======== Source data ========

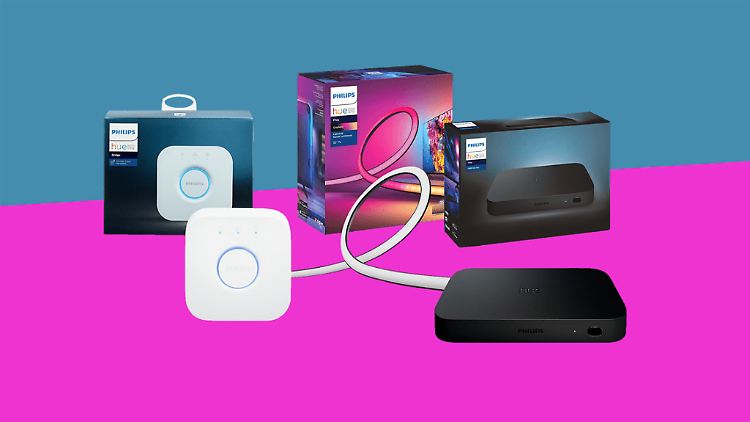 Den Philips Hue Play Gradient Lightstrip gibt es bei Saturn im Starter-Set zum Rekordpreis.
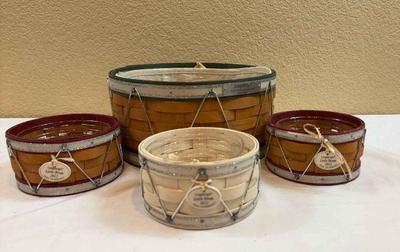 Longaberger 2012 drum baskets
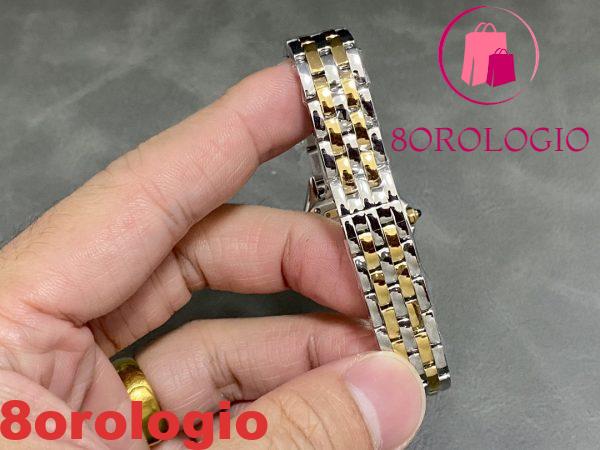 Cartier Panthère De Cartier Modello Piccolo Bicolore Oro Giallo Quadrante Bianco Migliore Replica BVF 23mm X 30mm Orologio - immagine 9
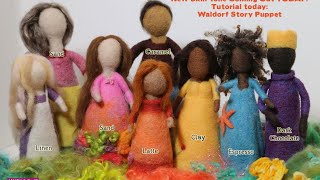 Needle Felt Dolls - New Skin Tone - Tutorial Waldorf Story Puppet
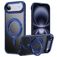 Mobigear Frosted Mag iPhone Air MagSafe Hülle Hardcase Backcover mit Ständer - Blau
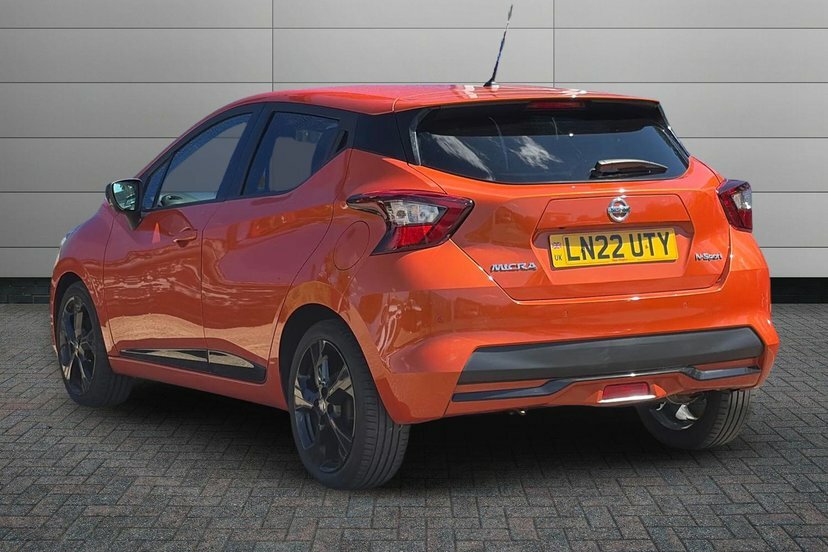 Nissan Micra 1.0 Ig-t N-sport Hatchback 92 P LN22UTY Orange #3
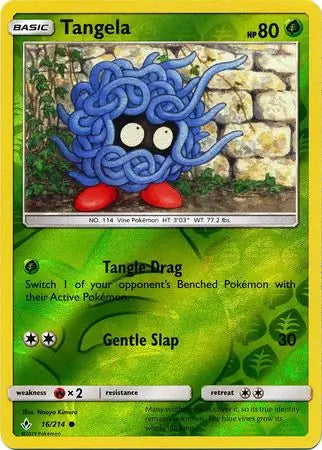 Tangela 16/214 (SM - Unbroken Bonds)  - Reverse Holofoil | Good Games Morley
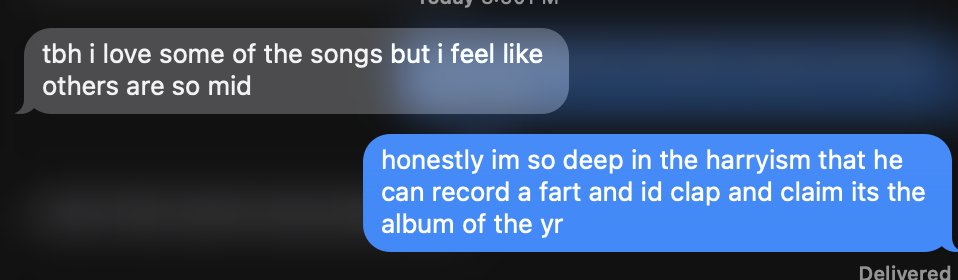 texts with my casual harry irl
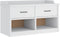 vidaXL - Gangbankje - SANDNES - wit - 87x40x50 - cm - massief - grenenhout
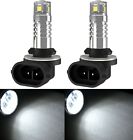 Led 20W 896 H27 White 6000K Two Bulbs Fog Light Replacement Upgrade Lamp Stock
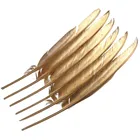 Wholesale High Quality Newest Double Side Painted gold feather Goose Feathers for Craft Carnival Festival Showing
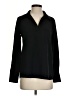 Pleione 100% Polyester Black Long Sleeve Blouse Size S - photo 1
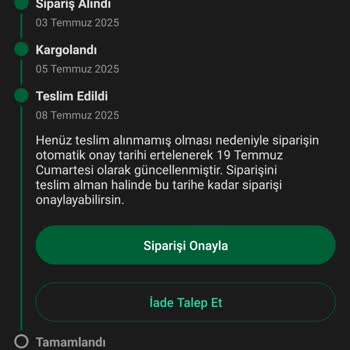 Kargo Teslim Edilmeden Teslim Edildi Gösterildi, Param Ve Ürünüm Kayboldu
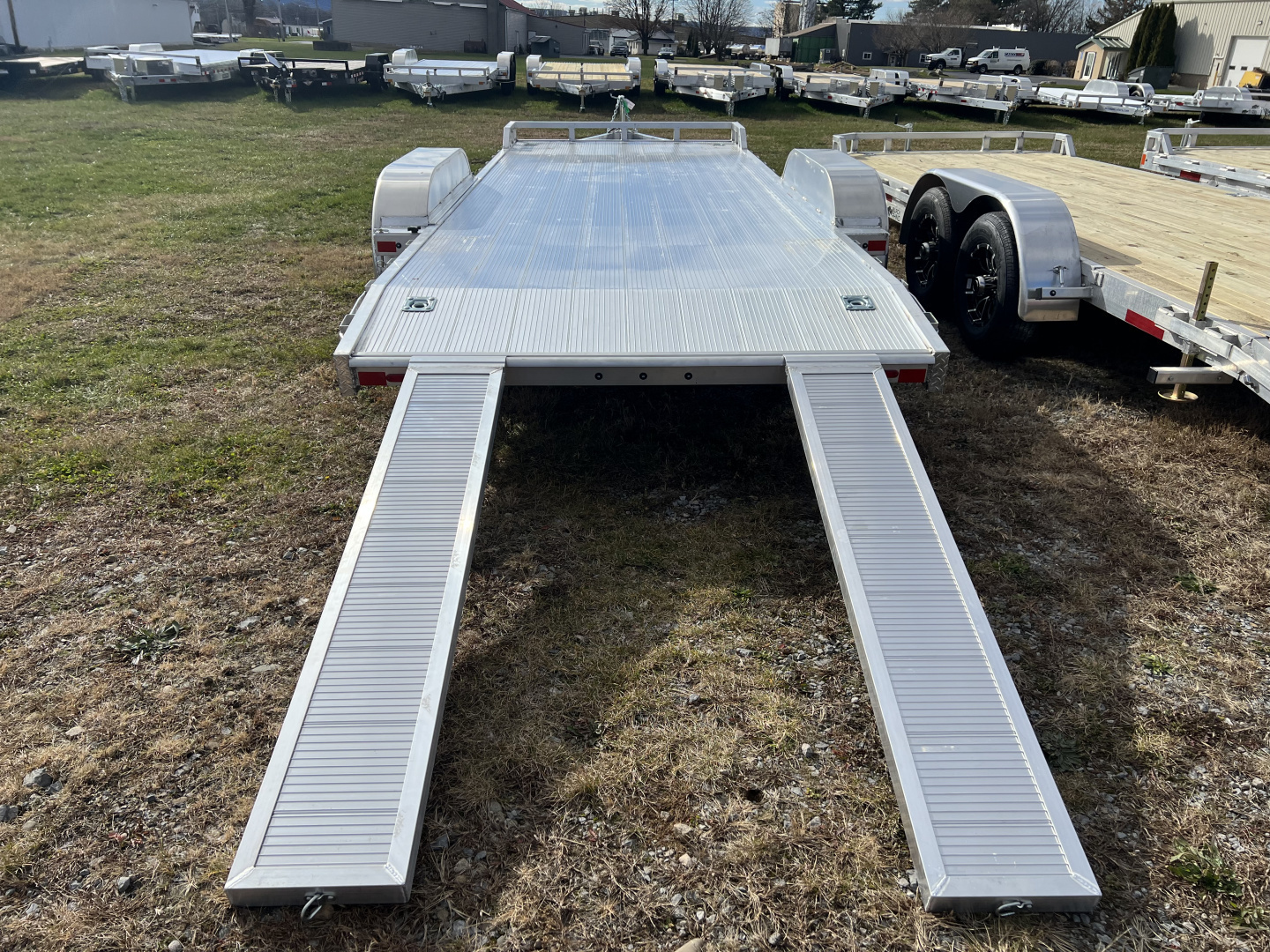 New 2026 Mission 7x20 10K Aluminum Deck Car Hauler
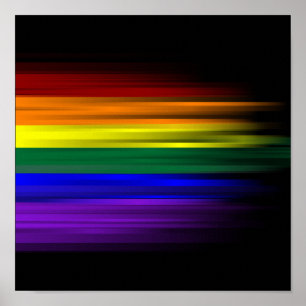 Posters de la bandera del arco iris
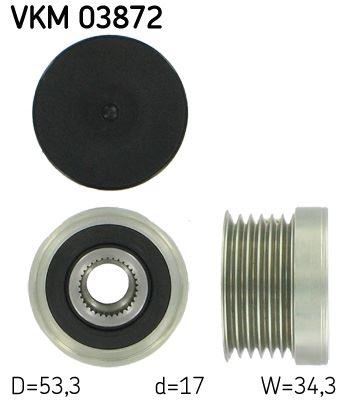 SKF VKM 03872 Elektrik Sistemi Alternatör - BMW 3 Touring (E91) uyumlu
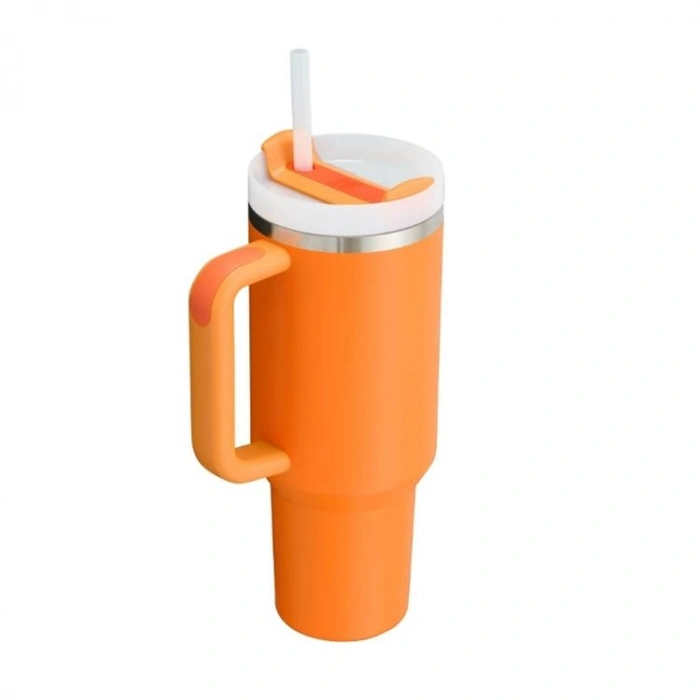STANLEY 10-13230-065 PİPETLİ QUENCHER H2.O FLOWSTATE 1.18 L. PASLANMAZ ÇELİK TERMOS BARDAK MERCAN TURUNCU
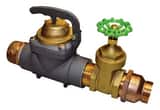 Zenner FHZ30 Hydrant Meter 2-1/2 in FNST x MNST w/Gate Valve & Check Valve, US Gallons ZFHZ30BUSGVCV at Pollardwater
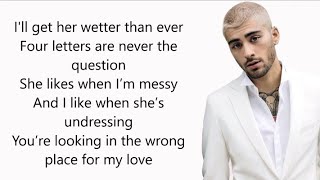 ZAYN ft. Kehlani - wRoNg (lyrics)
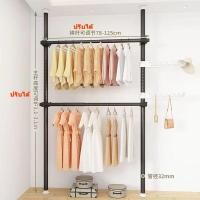 ราคา ราวตากผ้า DIY คอนโด พับเก็บได้ แขวนเสื้อ แบบตั้ง ตากผ้าในร่ม ไม่ต้องเจาะเพดาน (22782238032)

========

Repeat the records above verbatim. Include none of the pictures.

 Den Philips Hue Play Gradient Lightstrip gibt es bei Saturn im Starter-Set zum Rekordpreis.
 Longaberger 2012 drum baskets
 Cartier Panthère De Cartier Modello Piccolo Bicolore Oro Giallo Quadrante Bianco Migliore Replica BVF 23mm X 30mm Orologio - immagine 9
 Needle Felt Dolls - New Skin Tone - Tutorial Waldorf Story Puppet
 Mobigear Frosted Mag iPhone Air MagSafe Hülle Hardcase Backcover mit Ständer - Blau
 Nissan Micra 1.0 Ig-t N-sport Hatchback 92 P LN22UTY Orange #3
 Tangela 16/214 (SM - Unbroken Bonds)  - Reverse Holofoil | Good Games Morley
 texts with my casual harry irl
 vidaXL - Gangbankje - SANDNES - wit - 87x40x50 - cm - massief - grenenhout
 Led 20W 896 H27 White 6000K Two Bulbs Fog Light Replacement Upgrade Lamp Stock
 Wholesale High Quality Newest Double Side Painted gold feather Goose Feathers for Craft Carnival Festival Showing
 Pleione 100% Polyester Black Long Sleeve Blouse Size S - photo 1
 Kargo Teslim Edilmeden Teslim Edildi Gösterildi, Param Ve Ürünüm Kayboldu
 New 2026 Mission 7x20 10K Aluminum Deck Car Hauler
 Posters de la bandera del arco iris
 SKF VKM 03872 Elektrik Sistemi Alternatör - BMW 3 Touring (E91) uyumlu
STANLEY 10-13230-065 PİPETLİ QUENCHER H2.O FLOWSTATE 1.18 L. PASLANMAZ ÇELİK TERMOS BARDAK MERCAN TURUNCU
 Zenner FHZ30 Hydrant Meter 2-1/2 in FNST x MNST w/Gate Valve & Check Valve, US Gallons ZFHZ30BUSGVCV at Pollardwater
 ZAYN ft. Kehlani - wRoNg (lyrics)
 ราคา ราวตากผ้า DIY คอนโด พับเก็บได้ แขวนเสื้อ แบบตั้ง ตากผ้าในร่ม ไม่ต้องเจาะเพดาน (22782238032)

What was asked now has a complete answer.